Soils are another hydroclimatically significant component of the Missouri River Basin because they act to store water and they affect rates of water runoff to streams, infiltration of water into the groundwater system, and the type, distribution, and success of vegetal land cover. Surface water storage in the basin is confined to the late-Wisconsinan glacial till area (the prairie pothole region) of North and South Dakota -- the rest of the basin consists of open systems with only minor areas that store water on the surface. By comparison, in other parts of the basin, estimates show 10 times more storage capacity in the soil than above ground. Subsoil storage is also important in the basin, but especially in open drained areas; subsoil storage is the major component and has relatively high capacities in Iowa, Missouri, Kansas, Montana, Colorado, and Nebraska relative to other States.

The Missouri River Basin includes 13 of 79 Level III Ecoregions of the conterminous USA based on Omernik's schema (U.S. Environmental Protection Agency, 1996). On the western edge of the basin, the Montana Valley and Foothill Prairies, Middle Rockies, Wyoming Basin, and Southern Rockies ecoregions host western coniferous forest, woodlands, and mixed forest dominated by pine, fir, aspen, juniper, sage, and annual grasses. In the northern, central, and southern portions of the basin, the Northwestern and Northern Glaciated Plains, Northwestern and Central Great Plains, Western High Plains, Nebraska Sand Hills, and Flint Hills ecoregions are dominated by savana grasslands and support both irrigated and dry land agriculture. On the eastern edge of the basin, the Western Corn Belt and Central Irregular Plains ecoregions are dominated by row crops, small grains, and mixed croplands and woodlands that include southeastern deciduous forest species. Throughout the basin, the associated vegetal species and their ecoregion context impose hydroclimatic effects related to evapotranspiration and related processes.

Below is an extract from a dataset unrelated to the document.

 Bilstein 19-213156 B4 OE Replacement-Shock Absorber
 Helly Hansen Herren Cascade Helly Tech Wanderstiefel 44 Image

2.3 LSA-NW Infrastructure for GCIP Research

With respect to exploiting existing infrastructure and research efforts, the studies of the LSA-NW present both opportunities and challenges. The planned studies will include a pilot study by a group led by the South Dakota School of Mines and Technology who are addressing questions related to orographic effects on precipitation, especially in the cold seasons; coupled modeling to include deep groundwater in subsurface aquifers; and the effects of spatial and temporal variability at the Intermediate Scale Area (ISA) on atmospheric components in the water budget. This study itself relies on data from and ongoing Black Hills Hydrology study directed by the US Geological Survey's (USGS) Water Resources Division (WRD). In addition, the LSA-NW efforts can draw from studies undertaken in response to the extended flooding of the Missouri River basin in the 1990's, such as those of the Scientific Assessment and Strategy Team, a collaboration between several state and federal government agencies formed to assess the Missouri/Mississippi River basin flooding of 1993. Also, the LSA-NW will be the first basin-wide study to have access to new orbital remote sensing technologies, including the Landsat-7 enhanced Thematic Mapper plus (ETM+) system for detailed land cover and vegetation mapping, and the suite of surface and atmospheric observations to be provided by the Earth Observing System (EOS) AM-1 platform.

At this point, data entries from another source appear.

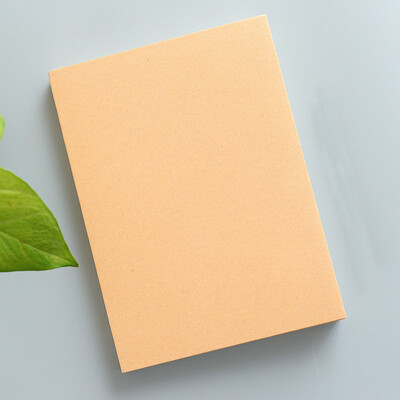 128 Φύλλα/Βιβλίο Παχύ Χαρτί Σκίτσο Βιβλίο Μαθητικής Τέχνης Ζωγραφική Σχέδιο Ακουαρέλα Βιβλίο γκράφιτι Σκίτσο Σχολική γραφική ύλη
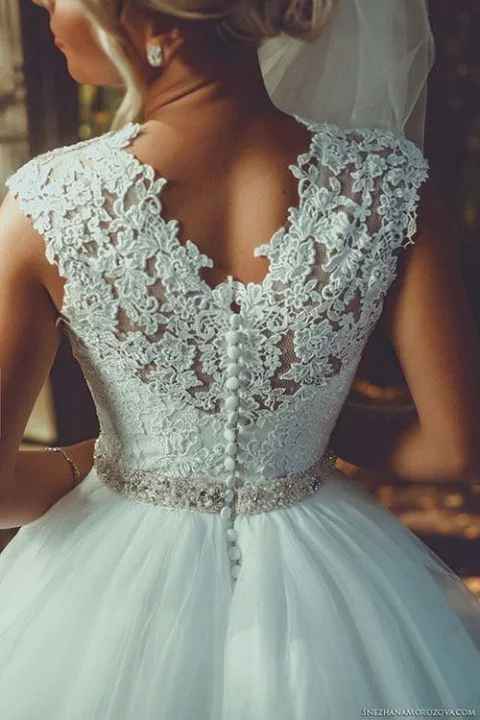 inconnue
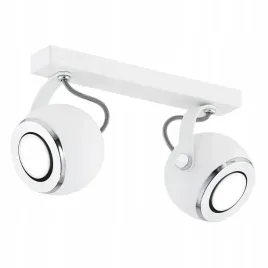 argon-reflektor-sufitowy-kos-2xgu10-bialy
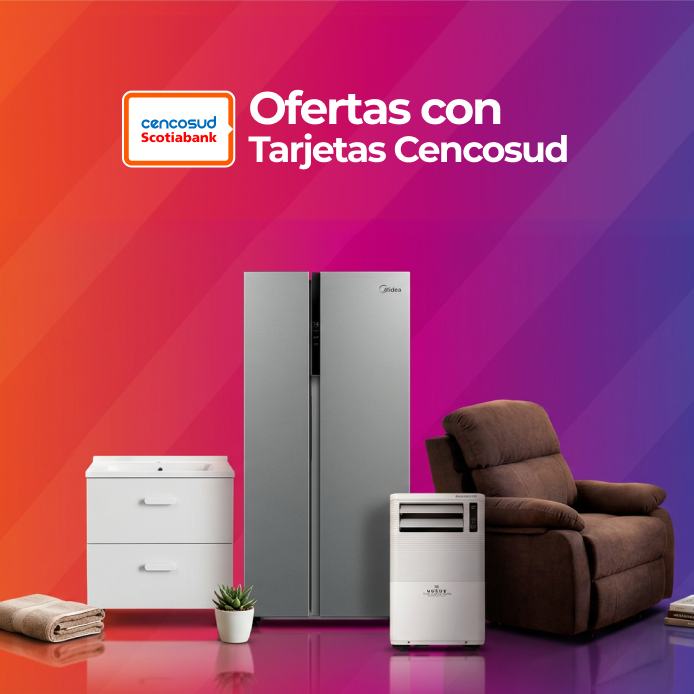 Captura del proyecto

The challenges within LSA-NW arise from an in situ observation infrastructure that is less well developed than the other LSAs, particularly in the area of basin-wide surface energy and water vapor flux measurements. This problem must be addressed from three directions. First, improvements must be made to the existing infrastructure, through flux towers or other functionally similar observation strategies. Second, there will be an increased reliance on modeled quantities, which in turn relies heavily on model calibration and validation done in previous LSAs and the aforementioned pilot project. Finally, observations of surface and atmospheric processes will rely more heavily on remotely sensed data than was the case for the other LSAs.